Al tempo stesso non si tratta solo di rivendicare fondi adeguati e relative fonti, ma anche un rigoroso controllo sociale sulla destinazione e l’uso di questi fondi. Tutta l’esperienza di decenni dimostra che senza un controllo popolare, i fondi pubblici prendono la via della speculazione, del clientelismo, quando non del malaffare e della camorra. L’Irpinia insegna. I comitati popolari debbono dunque rivendicare un controllo capillare su ogni voce di spesa, su ogni atto amministrativo, su ogni operazione bancaria legata alla ricostruzione abruzzese e al piano di risanamento edilizio nazionale. Nessun segreto bancario o industriale può essere frapposto al controllo popolare. Ogni resistenza dell’apparato amministrativo, locale o nazionale, dello Stato, va denunciata e contrastata. Il movimento operaio deve farsi garante che i fondi pubblici non finiscano in nuovi appalti mangiatoia e nelle tasche dei costruttori criminali.

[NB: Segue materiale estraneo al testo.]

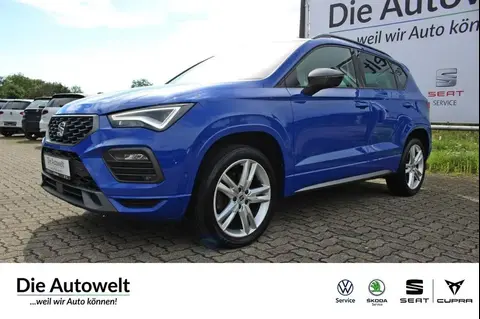 Annonce SEAT ATECA Diesel 2021 d'occasion 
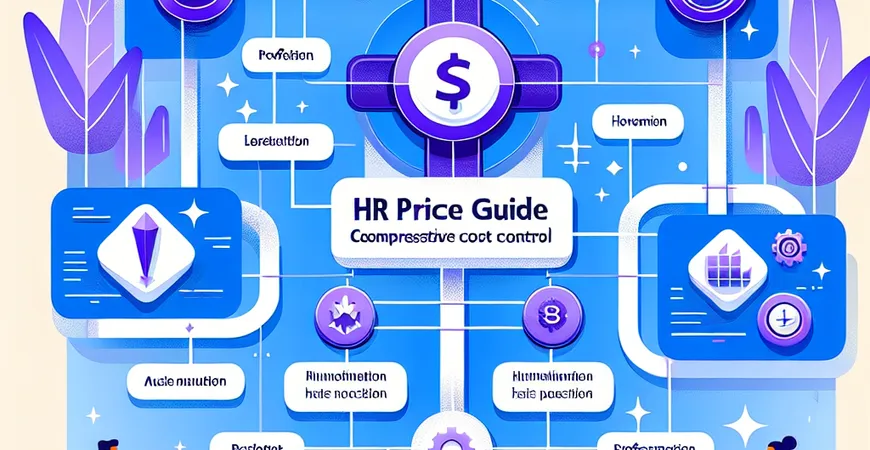 终极HR系统价格指南：从选型到谈判的全流程成本控制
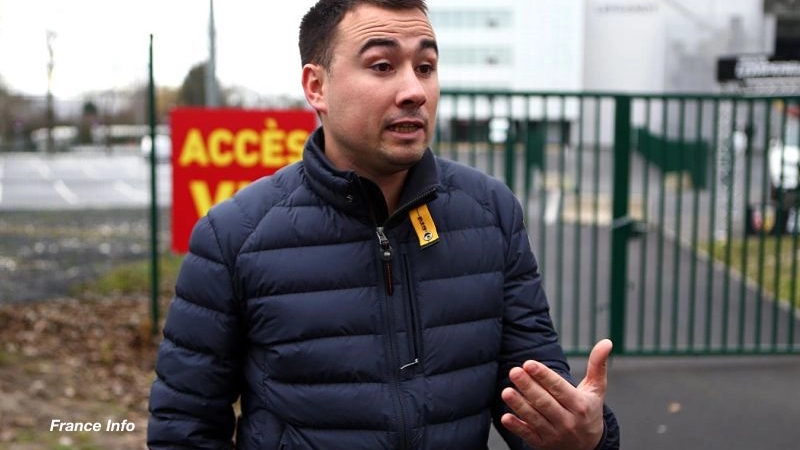 Guillaume Kaznowski Les Patriotes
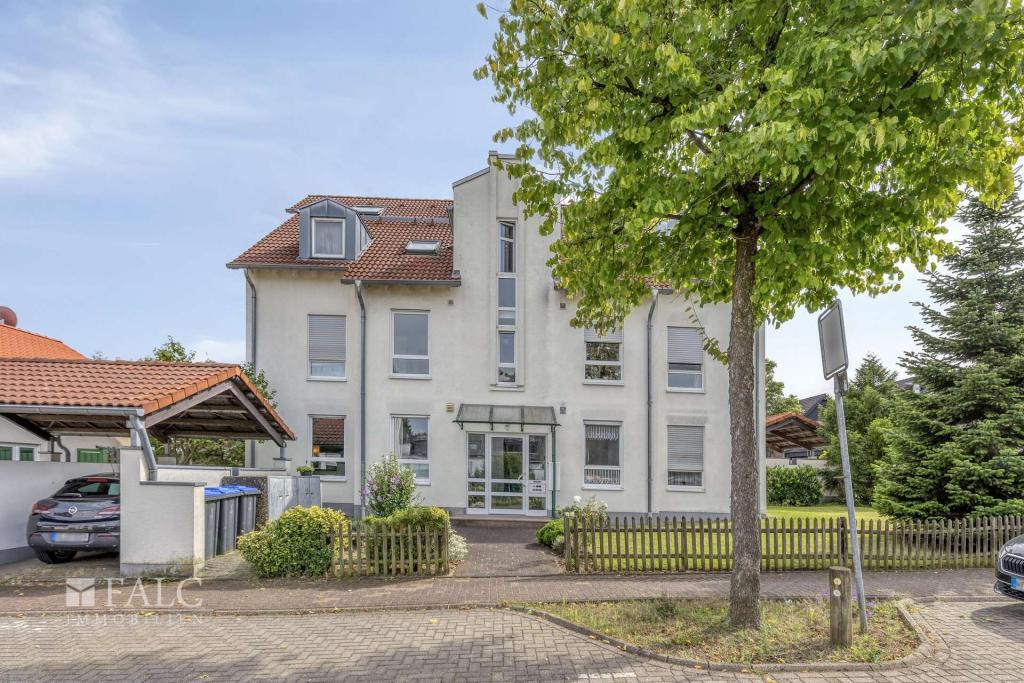 Wohnung EG links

La rivendicazione del controllo popolare ha esattamente questo significato.
ESPROPRIARE I COSTRUTTORI: PER LA NAZIONALIZZAZIONE DELLA GRANDE INDUSTRIA EDILIZIA; SENZA INDENNIZZO E SOTTO CONTROLLO OPERAIO.
C’è infine una domanda semplice che non può essere evasa: “Chi ricostruisce, chi risana l’edilizia italiana?”. Il PCL ritiene che non si possa affidare la ricostruzione a chi ha distrutto; che non si possa premiare chi ha compiuto un crimine; che, più in generale, non si possa avere alcuna fiducia in quella grande industria delle costruzioni che prima col sacco delle città degli anni 50 e 60, e poi nell’era liberalizzatrice degli ultimi decenni, ha messo in piedi un’edilizia assassina a puro scopo di profitto. Il movimento operaio e le sinistre debbono rivendicare, senza remore, la nazionalizzazione di tutta la grande industria edilizia, senza indennizzo e sotto controllo dei lavoratori, e delle industrie collegate ( a partire da quella del cemento). La casa in cui si vive, la scuola in cui si studia, l’ospedale in cui ci si cura, non possono essere affidati all’interesse del profitto . Debbono rispondere all’interesse della sicurezza sociale e della protezione della vita. I grandi costruttori, come dimostra l’Abruzzo, non possono garantire questa sicurezza. Di più: la grande industria edilizia è il settore della borghesia italiana maggiormente segnato dall’organica presenza camorrista e malavitosa, legata agli appalti pubblici e ai loro padrini (di ogni colore). Non si può chiedere alla malavita o a chi è intrecciato con la malavita di garantire case , scuole, ospedali. La grande industria delle costruzioni va semplicemente espropriata, a iniziare dalle ditte coinvolte nel crimine abruzzese ( Impregilo). Solo una grande industria edilizia a carattere pubblico, sotto controllo operaio e popolare, può tutelare l’interesse pubblico. Per questo la battaglia per la nazionalizzazione della grande industria edilizia deve entrare a pieno titolo nella battaglia più generale per la nazionalizzazione delle grandi imprese e delle banche: per la riorganizzazione radicale della società e dell’economia, sulla base di un piano economico democraticamente definito e socialmente controllato.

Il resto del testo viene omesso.